# Exercise:
Give again, exactly as written, the lines of the records below from the line with "Fighting the Sunday blues" to the line with "Квартира на вул.". Both end lines count; pictures do not.

# Data shown:
_ _ _

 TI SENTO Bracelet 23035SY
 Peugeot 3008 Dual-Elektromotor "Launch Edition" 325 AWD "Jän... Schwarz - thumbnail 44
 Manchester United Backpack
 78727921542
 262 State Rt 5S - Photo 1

_ _ _

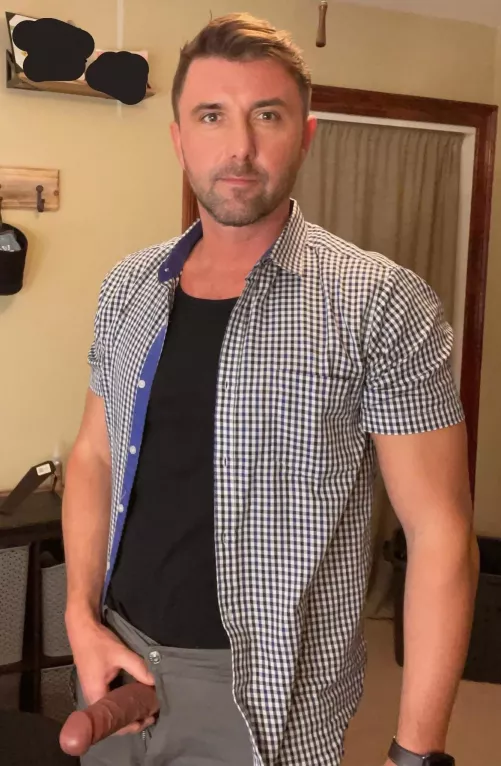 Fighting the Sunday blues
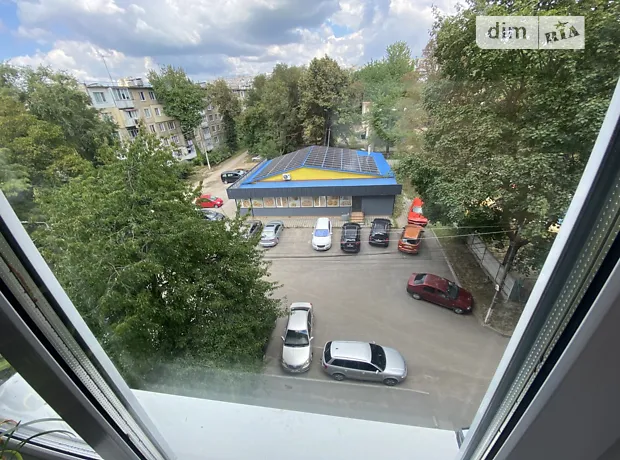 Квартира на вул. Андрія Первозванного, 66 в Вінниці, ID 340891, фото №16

_ _ _

# Solved problem:
 Fighting the Sunday blues
 Квартира на вул. Андрія Первозванного, 66 в Вінниці, ID 340891, фото №16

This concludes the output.